A grassy area studded with hulking, 2,000-year-old jars provides a surreal sight as well as an archeological puzzle

smithsonian.com

Stonehenge inspires awe, but there’s an even more mysterious ancient scene in Laos. The Plain of Jars consists of thousands of prehistoric stone vessels scattered over hundreds of square kilometers near Phonsavan, in the northeastern part of the country—a hilly area, despite the “plain” in the name. The huge jars form a surreal sight—some are up to ten feet tall and weigh several tons. It’s an archeological wonder that experts still haven’t pinned down. 

French archeologists began puzzling over the vast display in the early 20th century. One, Henri Parmentier, who visited in 1923, found that although the contents of many of the jars had already been plundered, a typical one might contain one or two black pots, one or two hand axes, a “bizarre object” he concluded was a lamp, glass beads, drilled carnelian beads, earrings of stone or glass, bronze bells, and “frequently the debris of human bones.” Yet another French archeologist, Madeleine Colani, is credited with providing much of the early information about the site after conducting field research there in the 1930s and writing a tome called The Megaliths of Upper Laos—which, according to the New York Times, is a “719-page, two-volume hardcover available only in French.”

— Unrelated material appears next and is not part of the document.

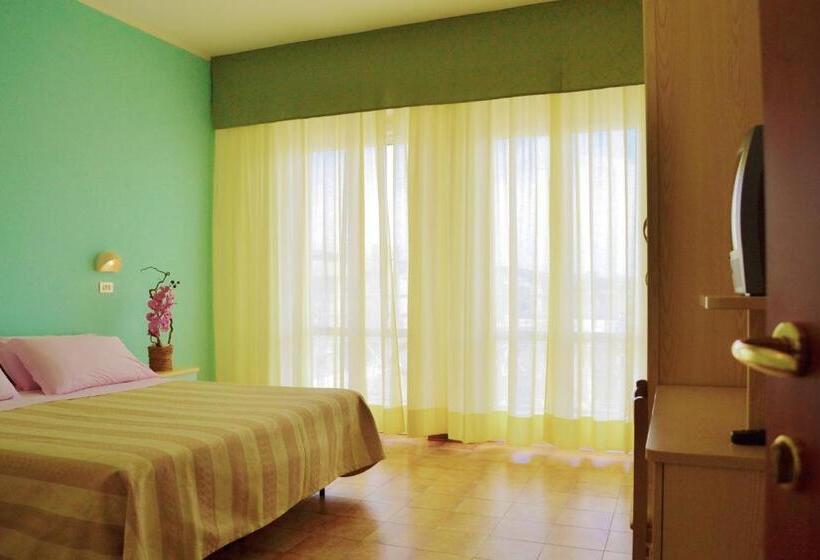 اتاق استاندارد چهار تخته, Solmar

Archeologists say that the structures, some of which date back to 2,000 years ago, may be burial-related, though one oft-reported local legend declares that “a tribe of giants used them as wine chalices to celebrate a great victory."

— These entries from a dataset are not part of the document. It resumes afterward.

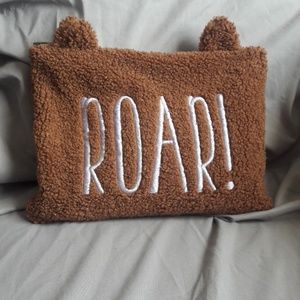 Roar! Bear cosmetic bag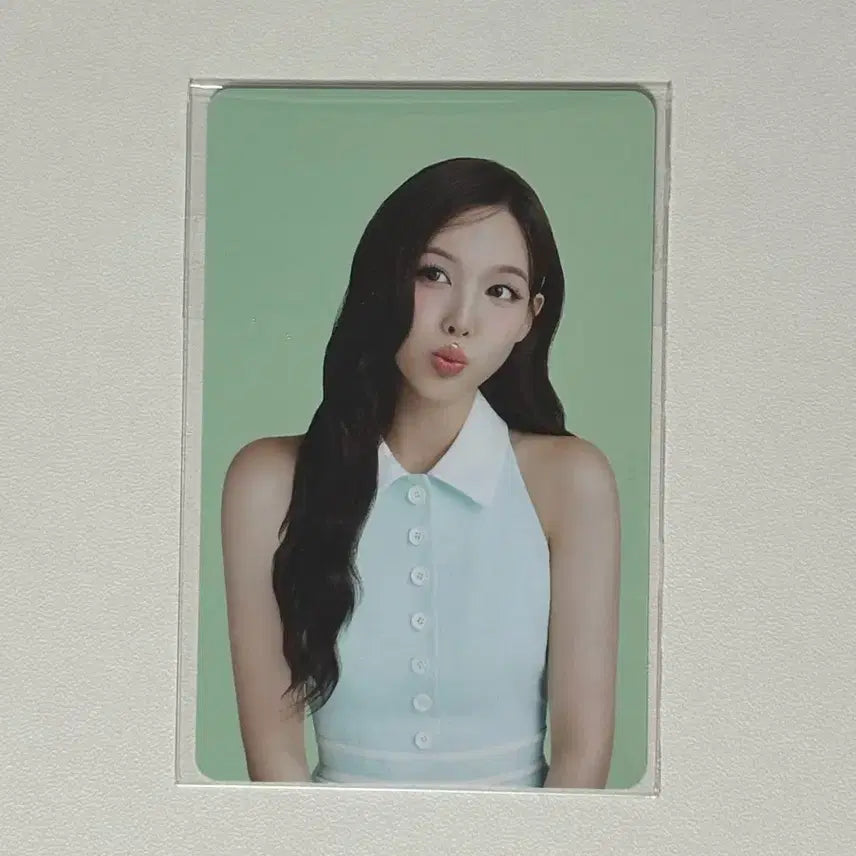 [BUNJANG] TWICE Nayeon T-Gen Kombucha Photocard / 트와이스 나연 티젠 콤부차 포카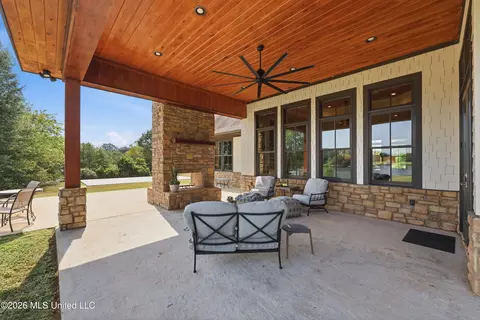 Exterior - 104 Chantry Ln, Madison, MS 39110 photo 7 of 10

The jars are mostly undecorated, but some feature carved human figures or faces. There are circular stone discs near the jars, thought to be lids, and these, according to UNESCO, “are also sometimes carved with representations of humans, tigers or monkeys.” Similar creations exist elsewhere, including in a part of India 600 miles away, but it’s still unclear exactly which civilization made the ones in Laos.

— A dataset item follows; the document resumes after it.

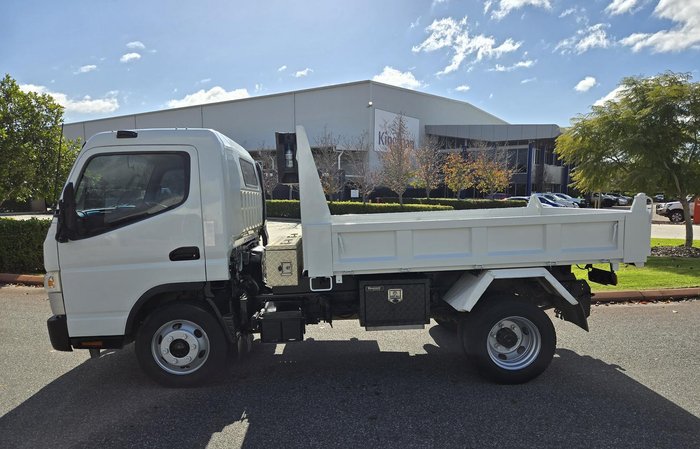 2017 Fuso Canter 615 615 WHITE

More recently, UNESCO has classified the area as a tentative addition to the World Heritage List, “important but imperiled.” Indeed, there’s another layer of history aside from the ancient puzzle. In the 1960s and 70s, during the Indochina war, American forces dropped more than 2 million tons of bombs on Laos—and the Plain of Jars area is still pocked with craters formed by those explosions. The region still includes unexploded bombs, land mines and other unexploded weapons, and, as the craters reveal, is “one of the most heavily bombed places on the planet.”

Despite the military attacks, the mysterious works have survived. And Plain of Jars is still northeastern Laos’ most popular tourist attraction, with visitors staying along carefully marked safety paths as they marvel at this ancient, unsolved wonder.